● **EXERCISE DATA**:
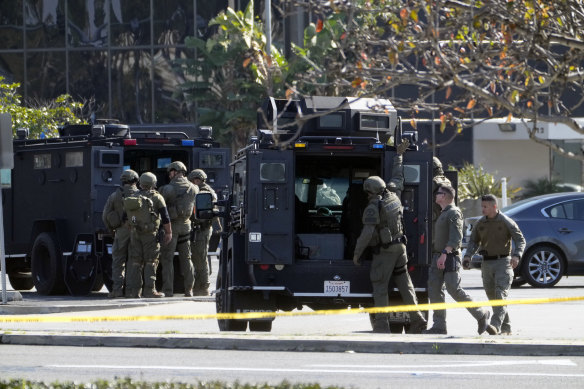 SWAT görevlileri, Kaliforniya'nın Torrance kentinde saldırgana ait olduğundan şüphelenilen bir minibüsün etrafını sardı.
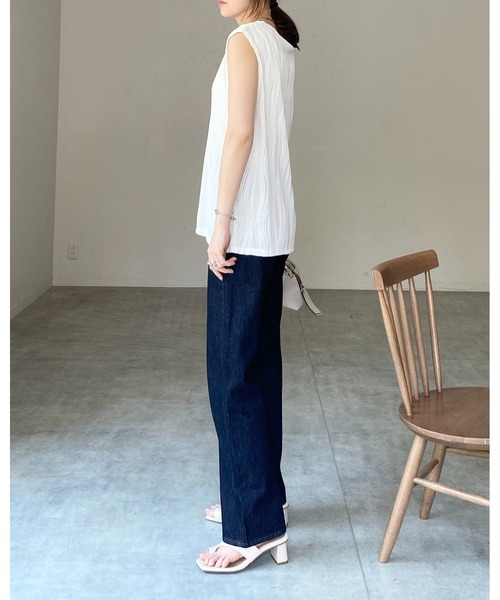 She's Closet（シーズクローゼット）の「ウェーブプリーツサイドスリット入り深Vネックベスト（ベスト・レディース・ブラウン/オフホワイト/ブラック・FREE）」の17枚目の写真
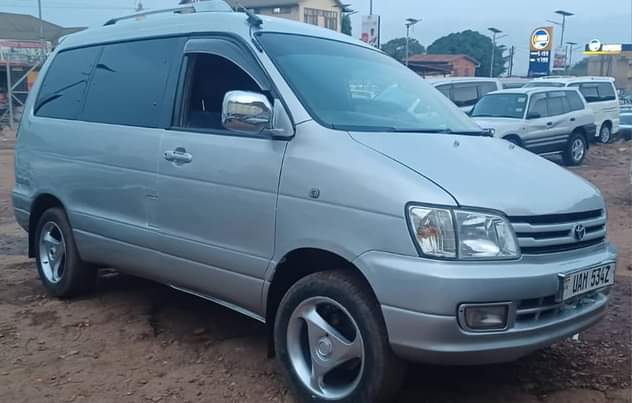 A picture of TOYOTA NOAH SUPER UAM IN PERFECT CONDITION PRICE 13M NEGOTIABLE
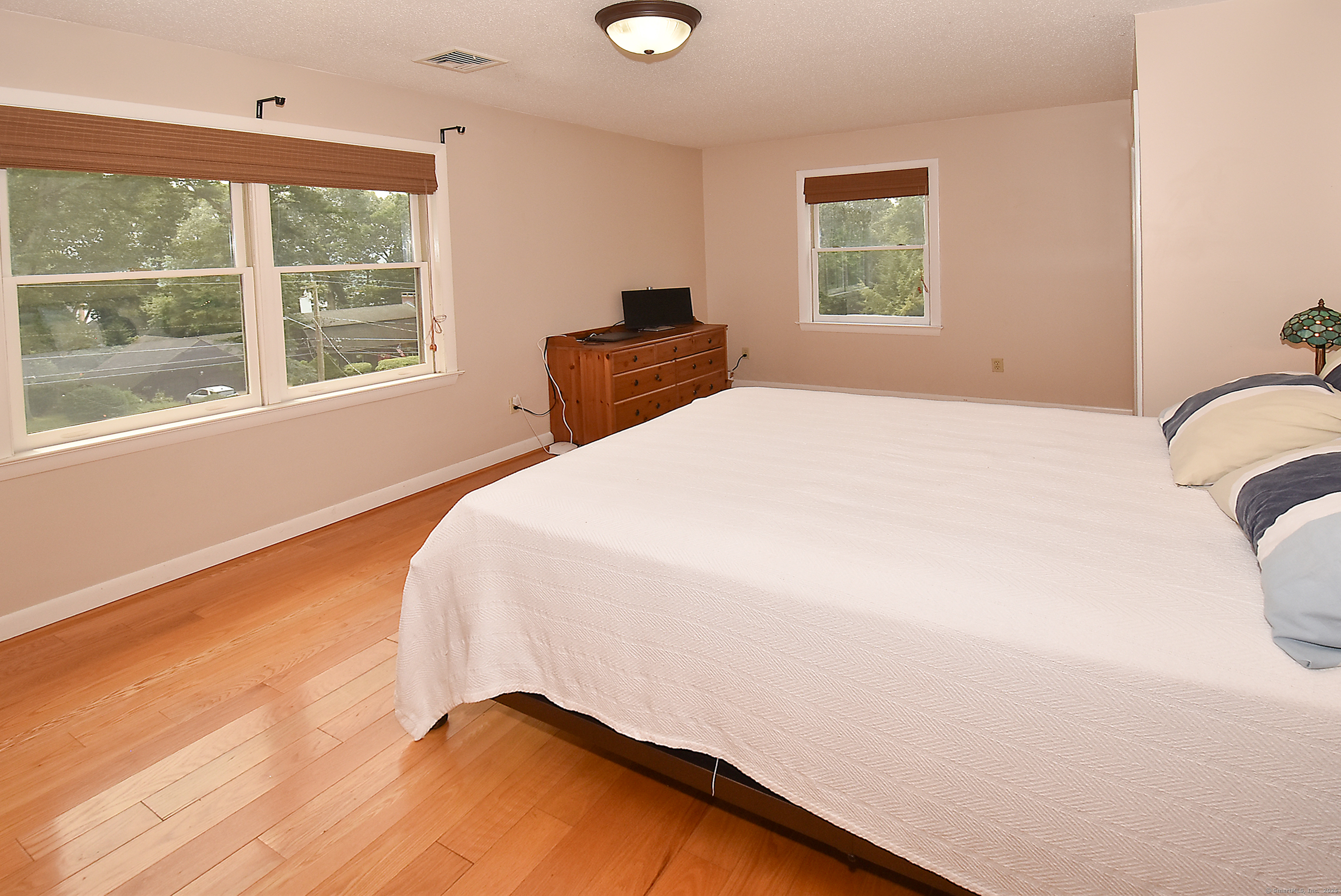 Ellington, Connecticut, 06029, United States, 5 Bedrooms Bedrooms, ,4 BathroomsBathrooms,Residential,For Sale,1911965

● **WHAT THE TASK ASKS**: To complete this exercise, repeat exactly the lines above from the one holding "She's Closet（シ" to the end of the listing, both included, and leave the pictures out.

● **RESPONSE**:
 She's Closet（シーズクローゼット）の「ウェーブプリーツサイドスリット入り深Vネックベスト（ベスト・レディース・ブラウン/オフホワイト/ブラック・FREE）」の17枚目の写真
 A picture of TOYOTA NOAH SUPER UAM IN PERFECT CONDITION PRICE 13M NEGOTIABLE
 Ellington, Connecticut, 06029, United States, 5 Bedrooms Bedrooms, ,4 BathroomsBathrooms,Residential,For Sale,1911965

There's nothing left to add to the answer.